= Camille-Auguste Gastine =

French painter

Camille-Auguste Gastine (1819 - 1867) was a French painter.

== Life ==
A student of Nicolas-Auguste Hesse, Paul Delaroche and François-Édouard Picot, he was trained at the École des Beaux-arts de Paris. He exhibited a Holy Family at the Salon of 1844, then travelled to Italy and stayed in Rome. He frequently collaborated on several monumental decorative schemes - that of the old Abbaye de Saint-Germain-des-Prés, with Hippolyte Flandrin in 1856; that of the chapel at the château de Broglie with Savinien Petit; and that of the chapelle Saint-Joseph in the Cathédrale Saint-André de Bordeaux with Sébastien Cornu.

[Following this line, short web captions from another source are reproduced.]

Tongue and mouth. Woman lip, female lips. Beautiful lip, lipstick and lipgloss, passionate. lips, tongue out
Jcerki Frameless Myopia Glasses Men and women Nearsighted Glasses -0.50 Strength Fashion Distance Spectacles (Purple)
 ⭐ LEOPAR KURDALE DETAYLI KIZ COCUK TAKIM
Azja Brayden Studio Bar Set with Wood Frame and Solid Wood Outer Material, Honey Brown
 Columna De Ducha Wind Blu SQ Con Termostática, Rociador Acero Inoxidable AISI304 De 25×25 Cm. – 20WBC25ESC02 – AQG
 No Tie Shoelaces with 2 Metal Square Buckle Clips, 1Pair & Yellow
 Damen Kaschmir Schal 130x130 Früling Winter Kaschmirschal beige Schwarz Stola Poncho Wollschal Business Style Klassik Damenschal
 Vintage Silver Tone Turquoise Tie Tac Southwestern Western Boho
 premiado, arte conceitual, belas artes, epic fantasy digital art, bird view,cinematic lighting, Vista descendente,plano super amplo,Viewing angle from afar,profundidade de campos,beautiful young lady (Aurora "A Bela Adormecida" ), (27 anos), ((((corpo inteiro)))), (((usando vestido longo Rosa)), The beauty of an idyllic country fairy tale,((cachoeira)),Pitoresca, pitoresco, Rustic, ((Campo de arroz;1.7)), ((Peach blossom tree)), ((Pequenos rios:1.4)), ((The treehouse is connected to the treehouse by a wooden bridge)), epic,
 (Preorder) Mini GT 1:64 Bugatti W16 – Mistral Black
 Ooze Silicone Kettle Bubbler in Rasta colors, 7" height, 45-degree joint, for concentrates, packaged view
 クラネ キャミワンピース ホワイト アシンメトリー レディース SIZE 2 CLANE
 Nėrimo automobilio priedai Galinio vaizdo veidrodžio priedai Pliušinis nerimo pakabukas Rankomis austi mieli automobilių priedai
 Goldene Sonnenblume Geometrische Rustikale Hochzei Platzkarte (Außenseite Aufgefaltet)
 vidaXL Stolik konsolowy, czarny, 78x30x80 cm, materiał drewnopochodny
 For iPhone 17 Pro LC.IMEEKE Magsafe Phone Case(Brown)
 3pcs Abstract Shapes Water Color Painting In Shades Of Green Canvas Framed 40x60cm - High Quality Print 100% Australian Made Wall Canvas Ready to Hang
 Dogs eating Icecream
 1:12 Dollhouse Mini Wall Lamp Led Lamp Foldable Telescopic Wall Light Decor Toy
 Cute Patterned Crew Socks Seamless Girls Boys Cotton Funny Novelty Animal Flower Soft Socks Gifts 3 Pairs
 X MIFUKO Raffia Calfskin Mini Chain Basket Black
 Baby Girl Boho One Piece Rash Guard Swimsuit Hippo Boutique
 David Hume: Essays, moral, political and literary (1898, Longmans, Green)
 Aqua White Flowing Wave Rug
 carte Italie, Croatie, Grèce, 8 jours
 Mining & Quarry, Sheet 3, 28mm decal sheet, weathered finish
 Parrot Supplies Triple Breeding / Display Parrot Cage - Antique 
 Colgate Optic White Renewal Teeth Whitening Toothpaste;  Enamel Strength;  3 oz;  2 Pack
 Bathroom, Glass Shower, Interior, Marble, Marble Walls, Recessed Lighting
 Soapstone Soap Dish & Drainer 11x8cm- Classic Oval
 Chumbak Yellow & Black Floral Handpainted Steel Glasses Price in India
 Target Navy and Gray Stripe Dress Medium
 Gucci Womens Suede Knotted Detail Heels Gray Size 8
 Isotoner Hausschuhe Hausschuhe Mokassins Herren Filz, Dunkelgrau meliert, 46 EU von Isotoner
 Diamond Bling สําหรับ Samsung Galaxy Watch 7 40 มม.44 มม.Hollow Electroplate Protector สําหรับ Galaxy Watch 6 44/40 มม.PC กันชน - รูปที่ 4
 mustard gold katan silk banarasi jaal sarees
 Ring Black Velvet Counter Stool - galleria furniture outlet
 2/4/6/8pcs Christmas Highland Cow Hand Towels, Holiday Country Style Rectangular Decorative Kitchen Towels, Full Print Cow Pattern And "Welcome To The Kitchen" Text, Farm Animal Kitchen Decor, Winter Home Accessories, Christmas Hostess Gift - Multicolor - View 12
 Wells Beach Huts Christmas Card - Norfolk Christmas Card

He also designed stained glass windows, such as for a church of St Stephen and for the cathedrals at Lodève and Béziers, along with decorative schemes for the churches of Saint-Laurent-Rochefort, Chazelles-sur-Lyon, Montant and Saint-Albain. He also took part in the decorative schemes for the Maison pompéïenne at 16-18 Avenue Montaigne in Paris, the hôtel Granger, the hôtel Pereire, the hôtel du duc de Galliera, comte Murat's château and the Palais des Études of the École des beaux-arts de Paris between 1854 and 1855 and at the musée d'Amiens (now the Musée de Picardie). He also exhibited a Saint Catherine of Alexandria at the 1855 Exposition Universelle and produced portraits and several paintings of saints.